*** Block opens ***

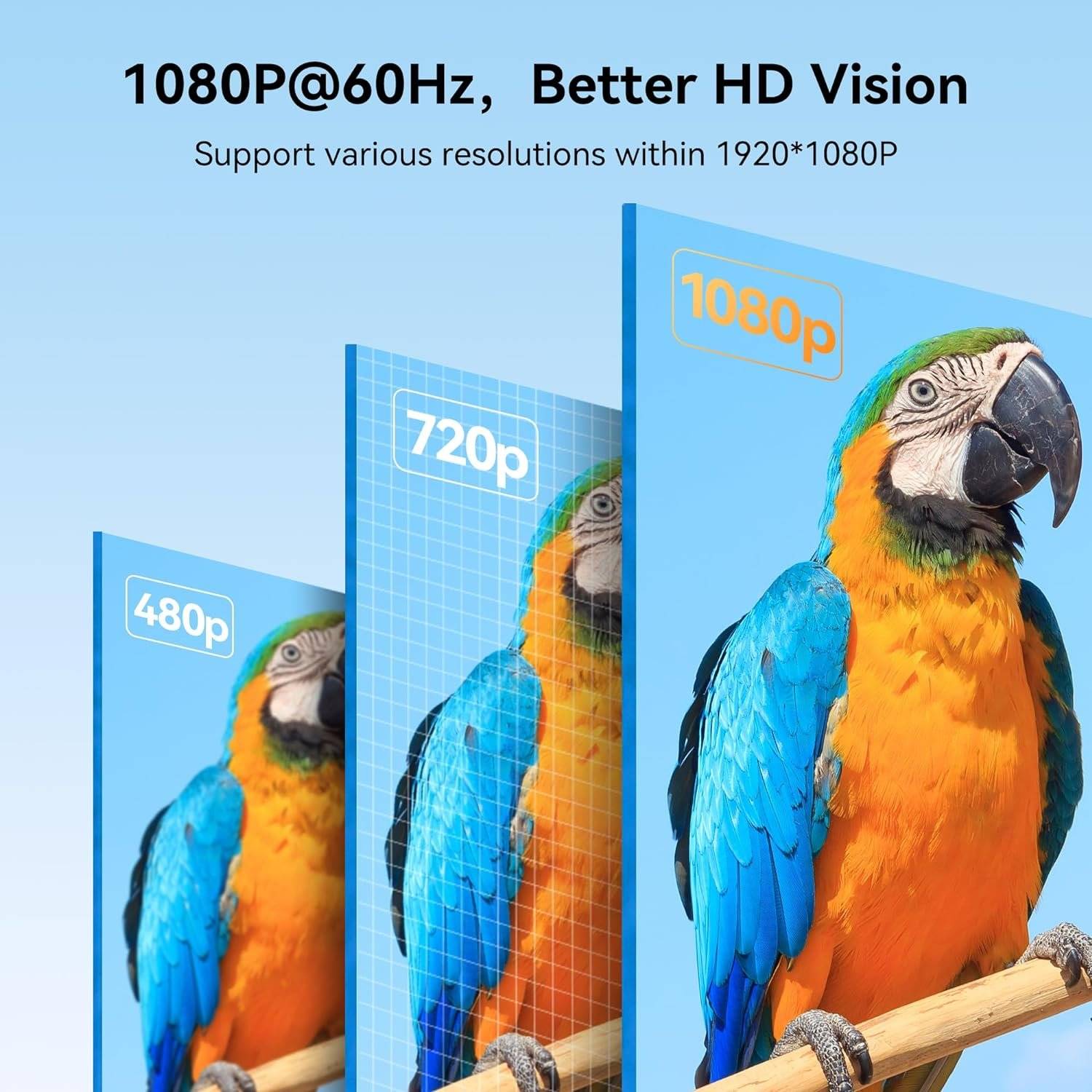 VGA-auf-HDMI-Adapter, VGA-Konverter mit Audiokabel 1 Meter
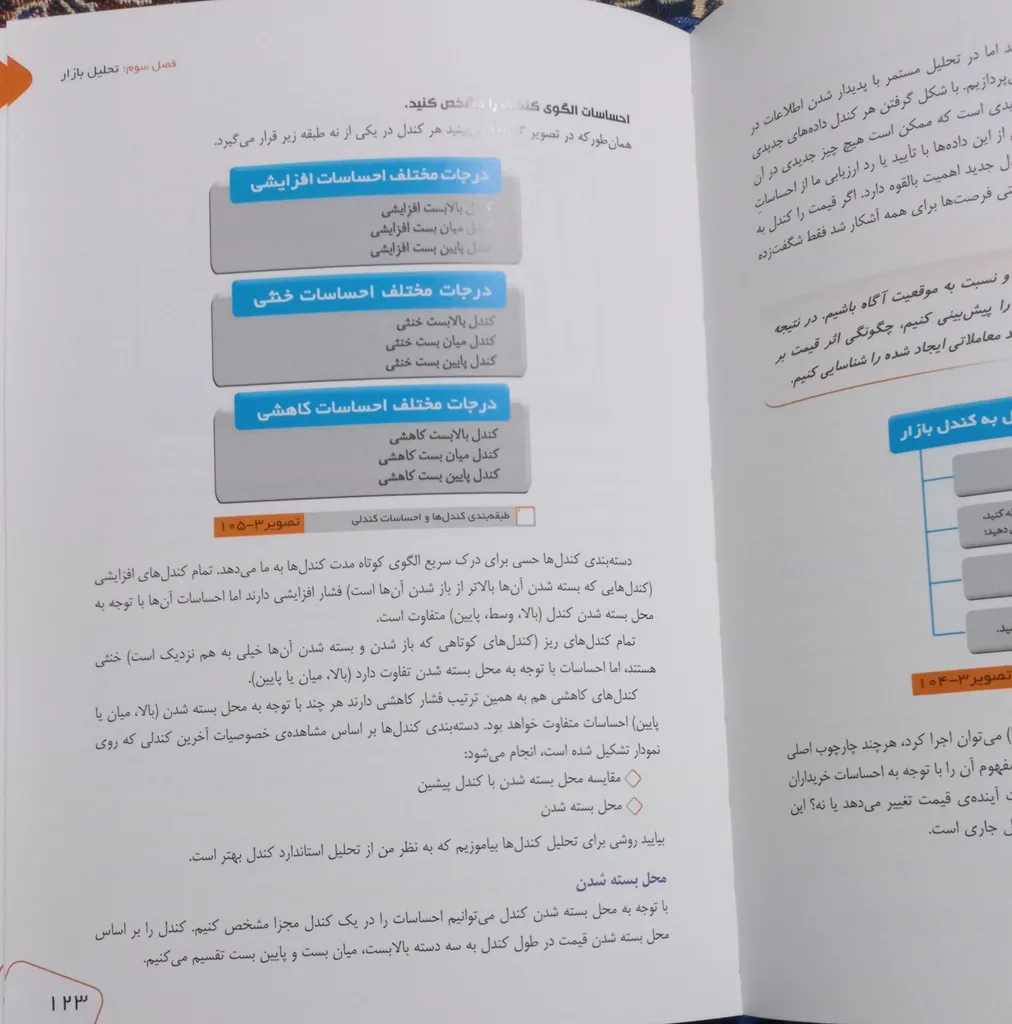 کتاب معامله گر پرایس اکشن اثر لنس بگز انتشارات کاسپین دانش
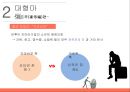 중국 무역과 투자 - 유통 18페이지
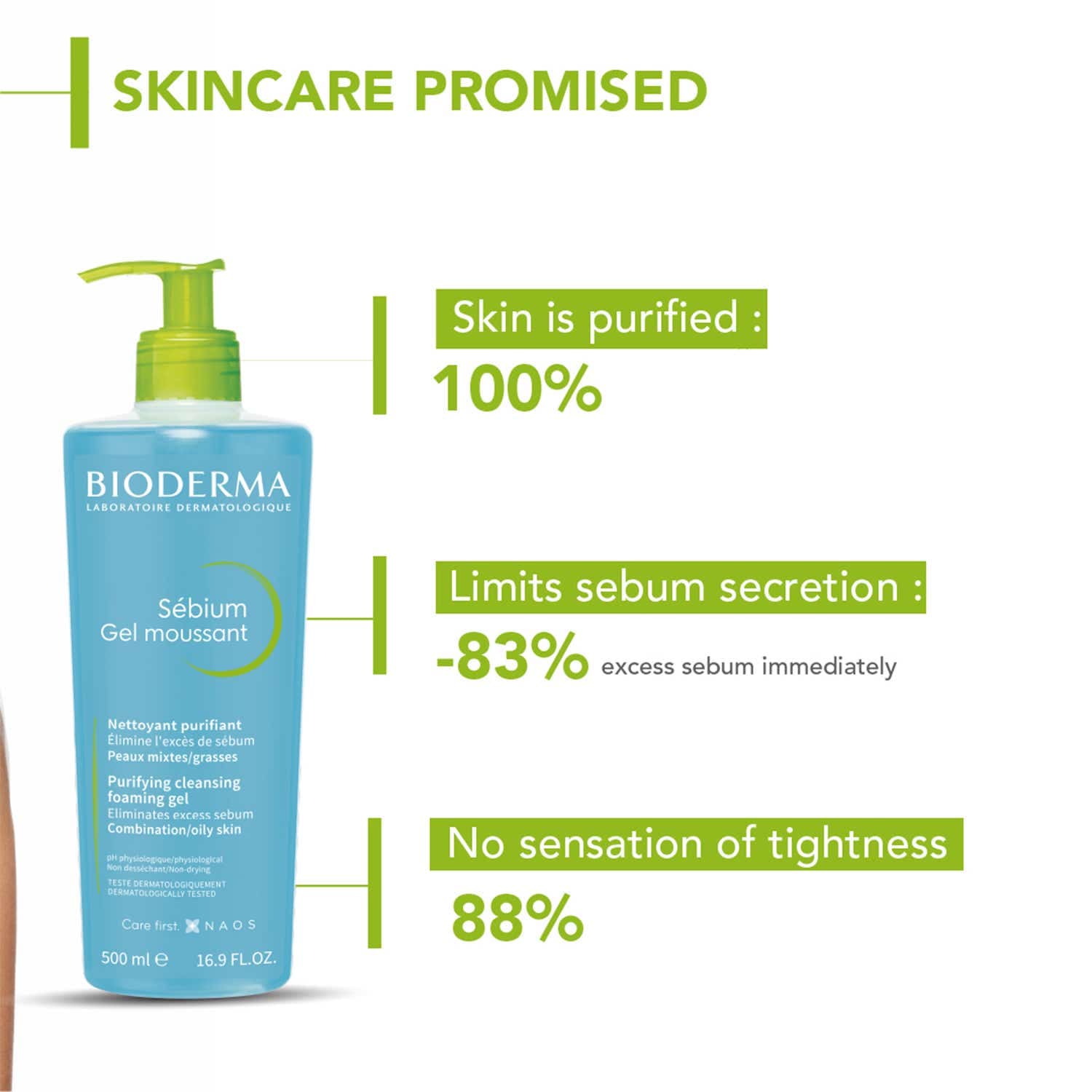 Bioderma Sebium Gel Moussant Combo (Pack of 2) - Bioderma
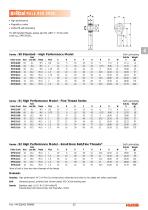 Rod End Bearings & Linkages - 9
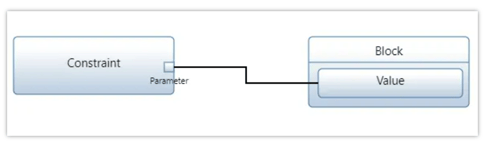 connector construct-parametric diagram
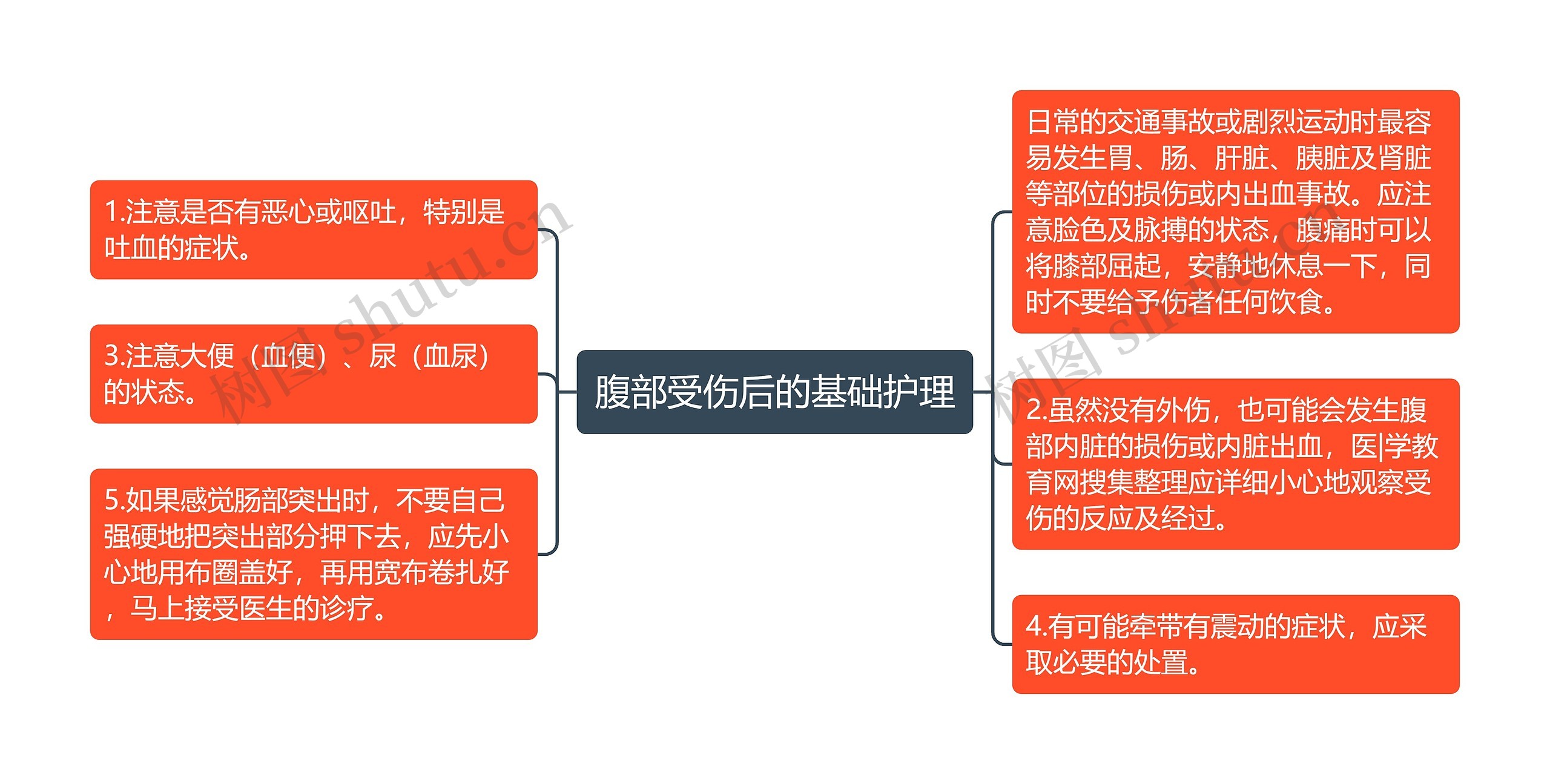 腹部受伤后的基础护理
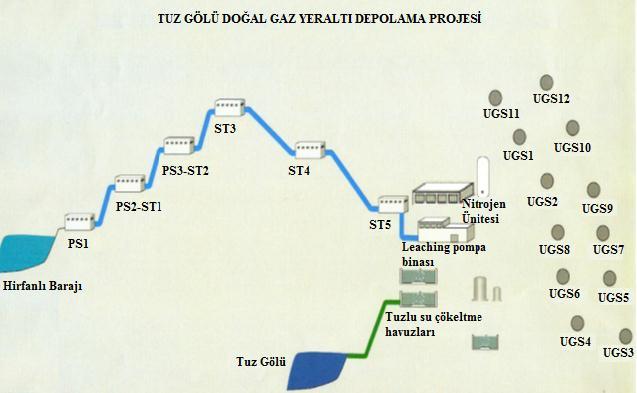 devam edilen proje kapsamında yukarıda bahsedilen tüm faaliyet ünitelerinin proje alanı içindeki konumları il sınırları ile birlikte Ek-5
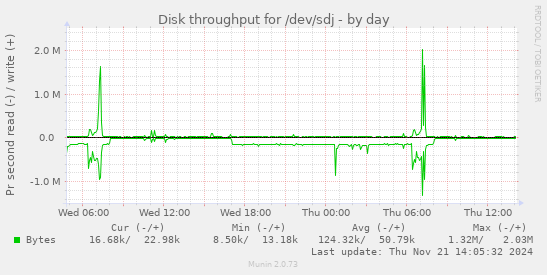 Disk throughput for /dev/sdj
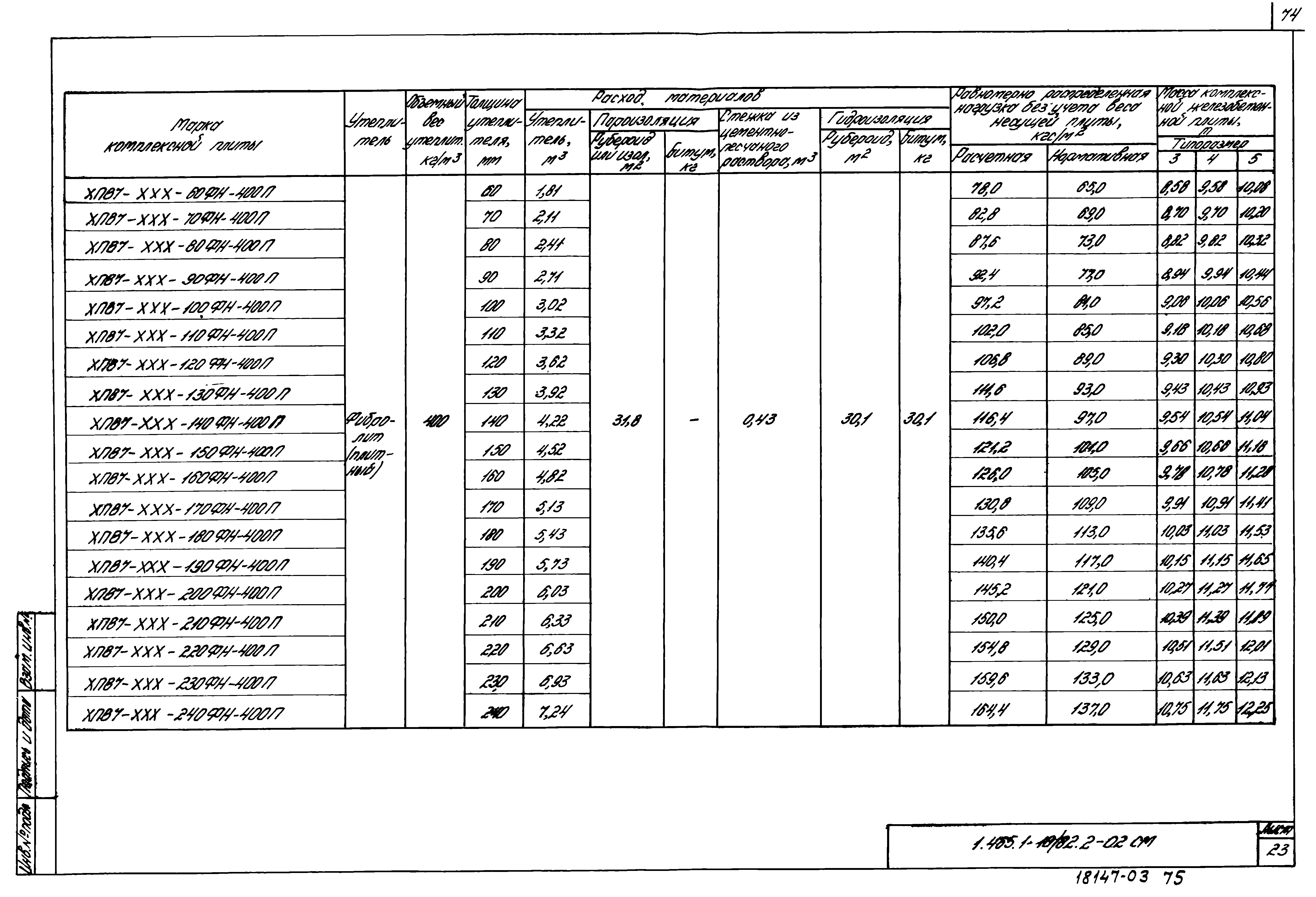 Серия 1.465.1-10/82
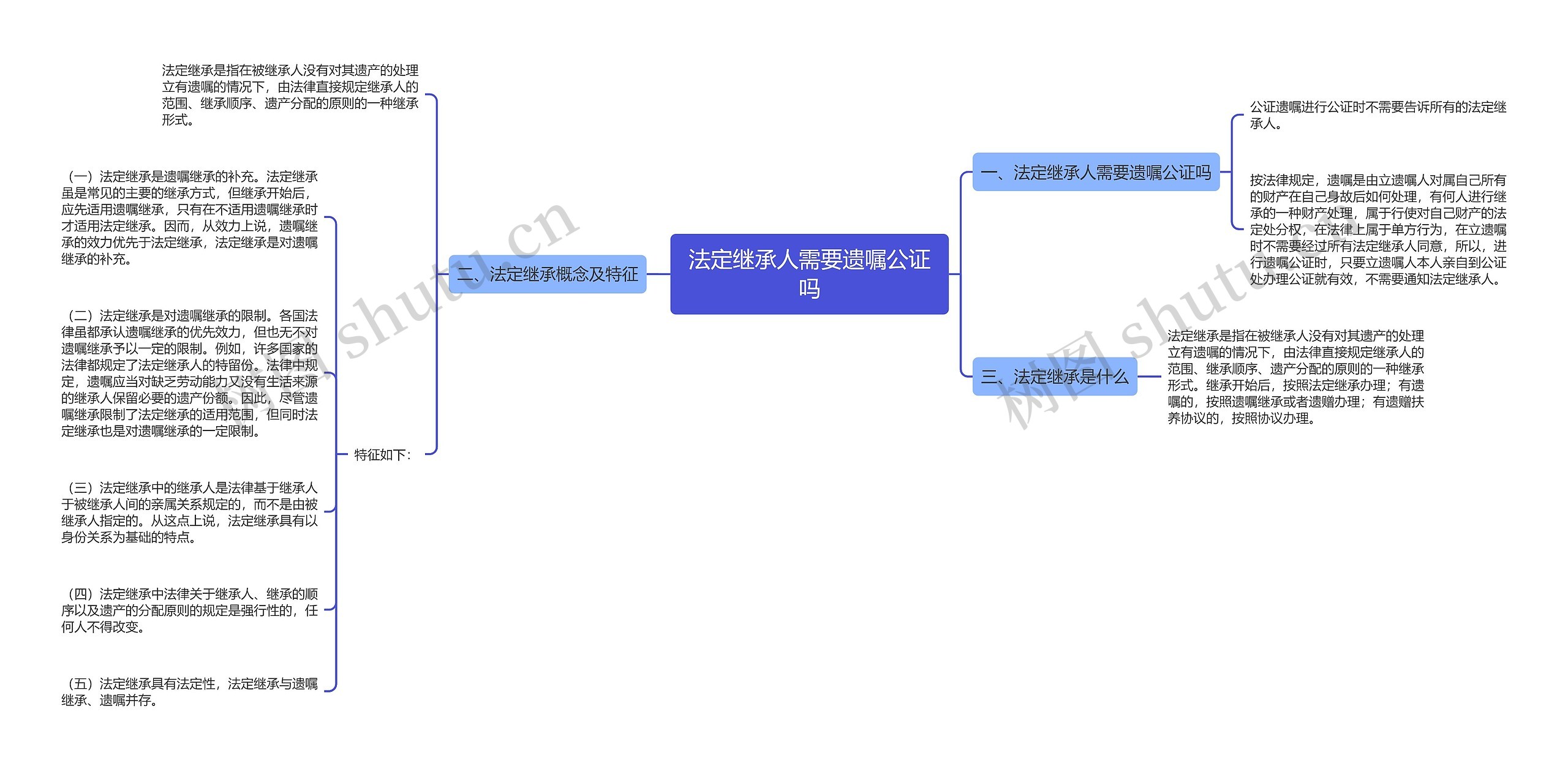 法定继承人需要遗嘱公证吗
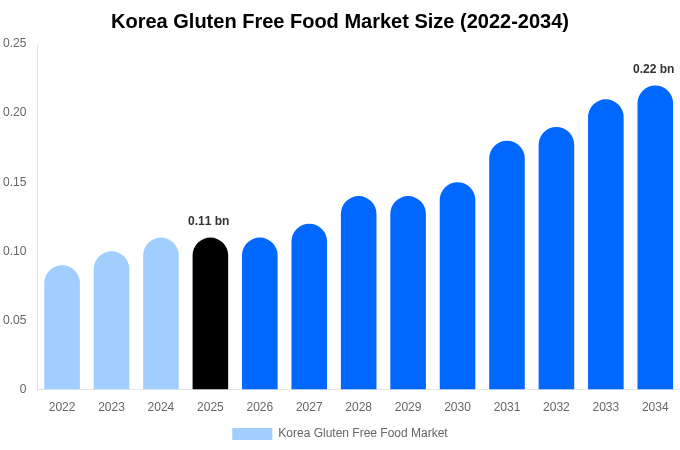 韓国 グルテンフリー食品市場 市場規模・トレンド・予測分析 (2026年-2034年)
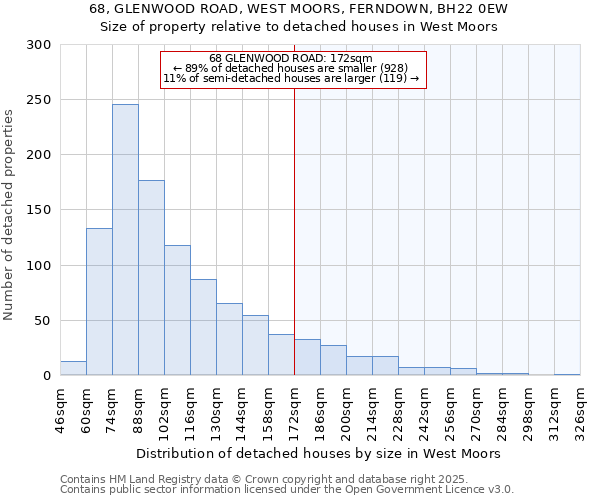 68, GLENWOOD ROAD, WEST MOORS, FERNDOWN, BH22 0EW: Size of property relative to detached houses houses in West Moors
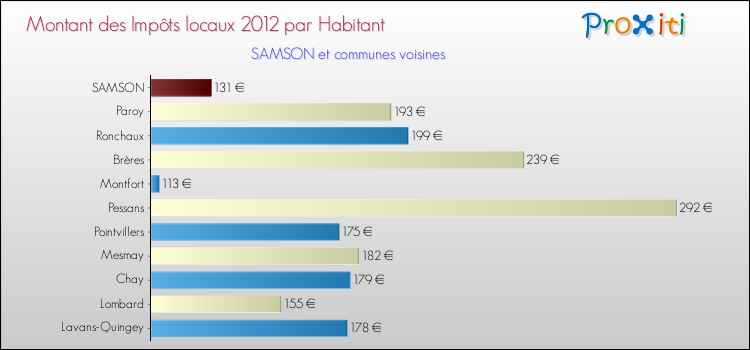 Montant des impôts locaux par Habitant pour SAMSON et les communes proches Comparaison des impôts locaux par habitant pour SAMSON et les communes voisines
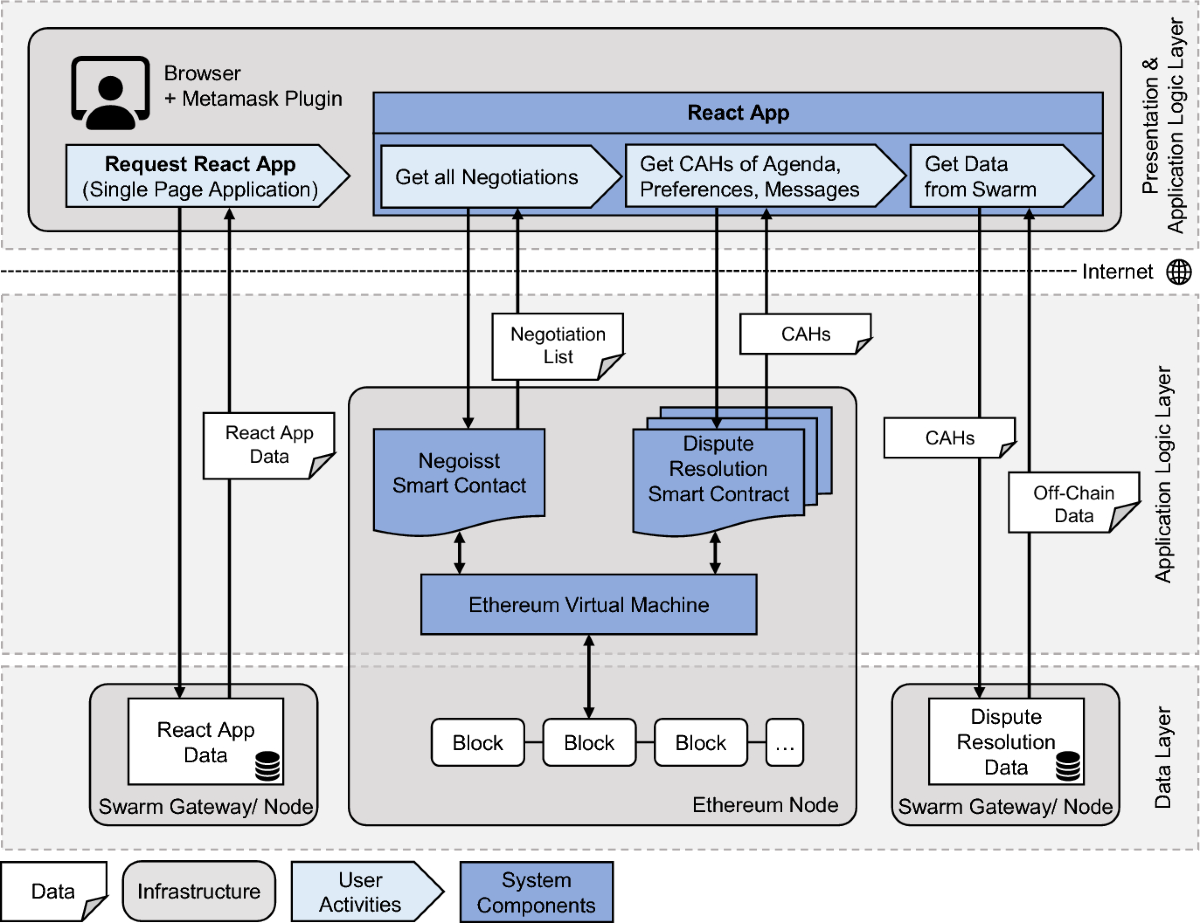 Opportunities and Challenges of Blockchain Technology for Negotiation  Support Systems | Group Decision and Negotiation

*** Block closes ***

*Activity*. Please write out exactly, and only, the lines from the beginning of the entries through the line containing "韓国 グルテンフリー食品市場 市場規模・トレンド・予測分析 (2026年-2034年)", including both and skipping all pictures.

*Response to this exercise*.
 VGA-auf-HDMI-Adapter, VGA-Konverter mit Audiokabel 1 Meter
 کتاب معامله گر پرایس اکشن اثر لنس بگز انتشارات کاسپین دانش
 중국 무역과 투자 - 유통 18페이지
 Bioderma Sebium Gel Moussant Combo (Pack of 2) - Bioderma
 Rod End Bearings & Linkages - 9
 connector construct-parametric diagram
 腹部受伤后的基础护理
 devam edilen proje kapsamında yukarıda bahsedilen tüm faaliyet ünitelerinin proje alanı içindeki konumları il sınırları ile birlikte Ek-5
 Disk throughput for /dev/sdj
 Серия 1.465.1-10/82
 法定继承人需要遗嘱公证吗
 韓国 グルテンフリー食品市場 市場規模・トレンド・予測分析 (2026年-2034年)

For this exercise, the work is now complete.